La dottoressa Scavo ha poi illustrato nello specifico le nuove modifiche al codice penale e di procedura penale per la violenza domestica e di genere introdotte dalla Legge 19 luglio 2019, n. 69 , conosciuta come Codice Rosso.“In agosto – spiega la Scavo – è entrato in vigore il Codice rosso, legge nata dopo la condanna dello Stato italiano da parte della Corte di Giustizia dell’Unione europea per non aver offerto adeguata tutela nel caso di una donna vittima di violenza domestica, mira all’accellerazione dei procedimenti legali in presenza di denunce di violenza.”

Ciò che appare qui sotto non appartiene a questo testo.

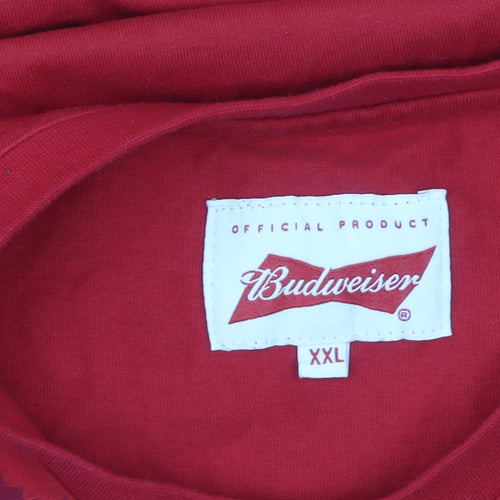 Budweiser Men's Red Graphic Short Sleeve T-Shirt Size 2XL Cotton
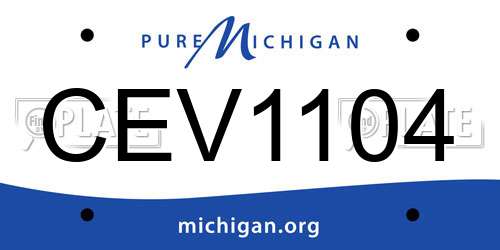 CEV1104 Michigan License Plate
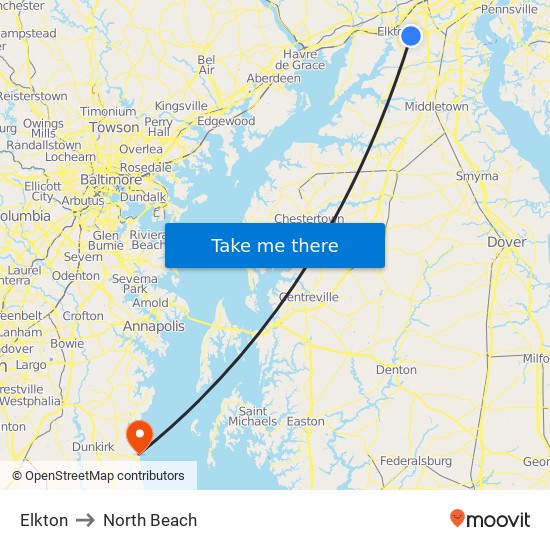 Elkton to North Beach map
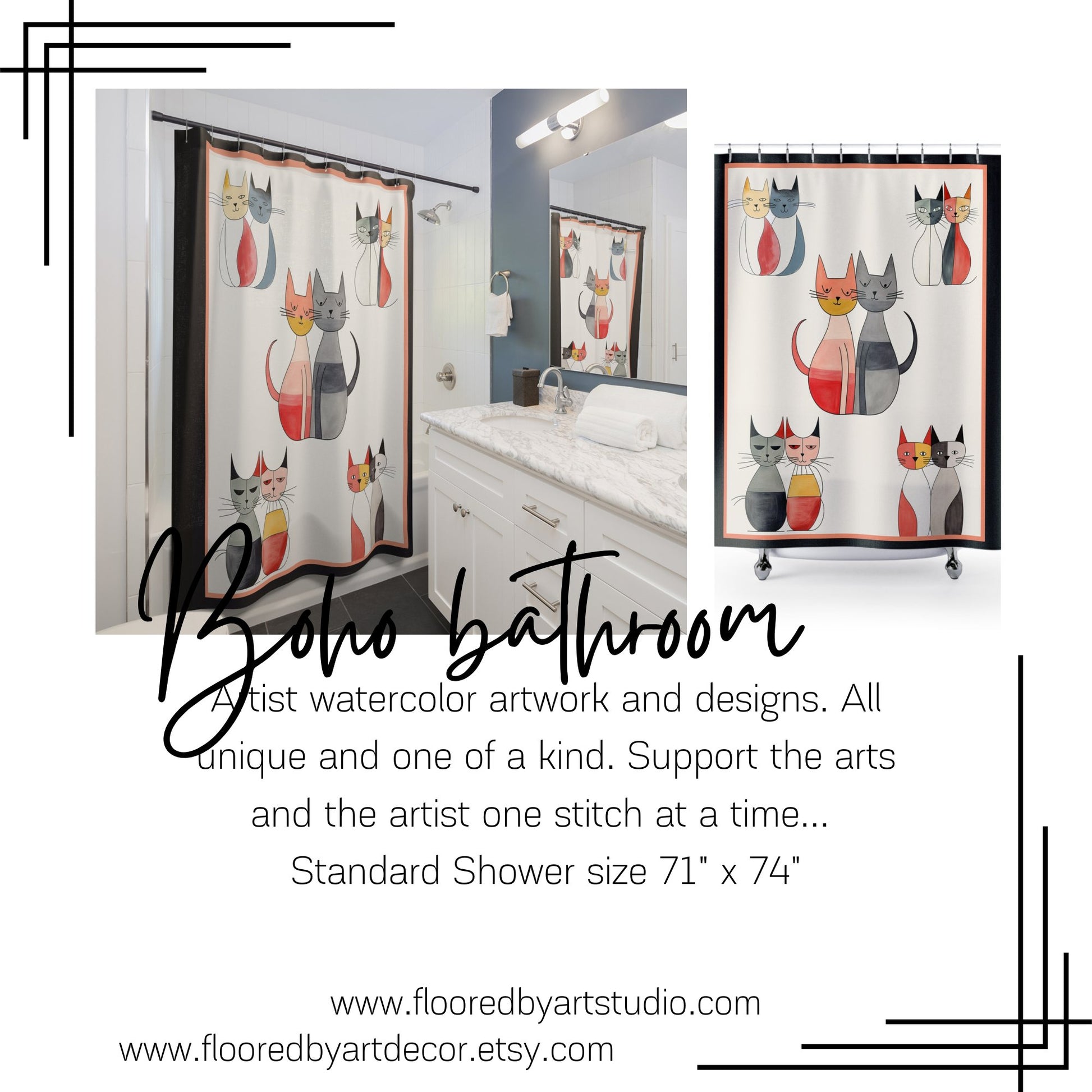 Modern Cats Shower Curtain, Boho MCM Style Bathroom Decor, Atomic Cat Design - FlooredByArt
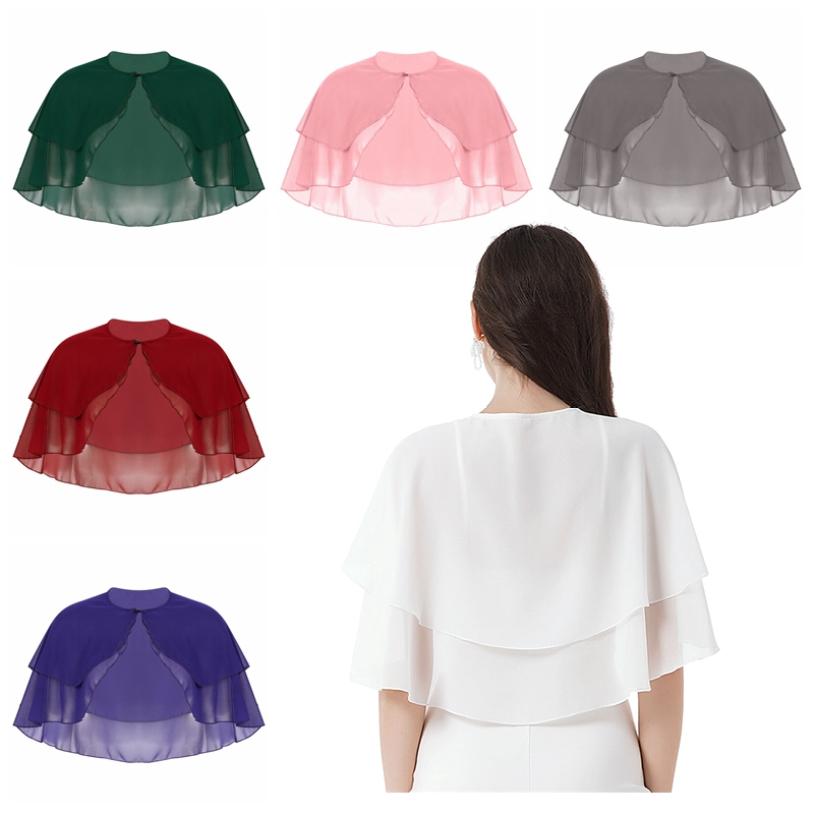 Women Elegant Pure Color Chiffon Shawl Cape Ruffle 2-Layer Chiffon Wraps Bolero Dress Accessory for Party Wedding
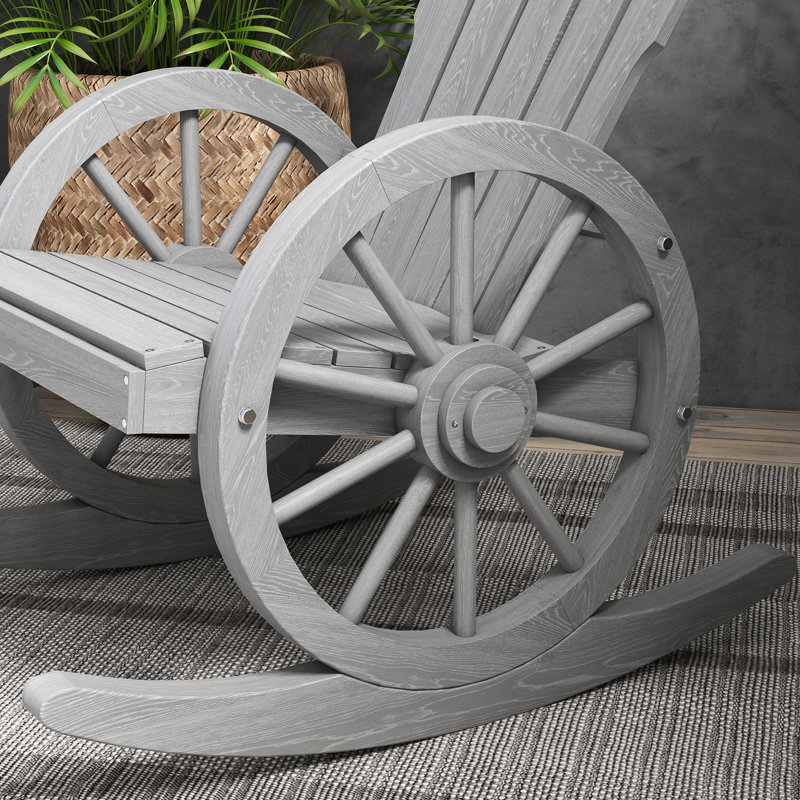 Chaise berçante en bois Comfy pour espaces extérieurs - Finition grise avec roue de chariot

La novità procedurale introdotta dal Codice Rosso per alcuni reati quali maltrattamenti in famiglia, stalking, violenza sessuale, si riflette proprio nelle tempistiche con cui vengono presi i provvedimenti di protezione delle vittime. Secondo la nuova legge, polizia giudiziaria deve comunicare al magistrato le notizie di reato di maltrattamenti, violenza sessuale, atti persecutori e lesioni aggravate avvenute in famiglia o tra conviventi. E la vittima dovrà essere sentita dal pm entro 72 ore dall’iscrizione della notizia di reato.
Infine la nuova legge, che pare aver favorito negli ultimi tre mesi l’aumento del numero delle denunce, non solo ha inasprito le pene per reati come la violenza sessuale fino a 6-12 anni rispetto alla reclusione minima di 5 anni e quella massima di 10 della precedente normativa; ma ha anche introdotto nuovi reati importanti come il revenge porn, andando a colmare un gap normativo non indifferente per il contrasto alla violenza di genere.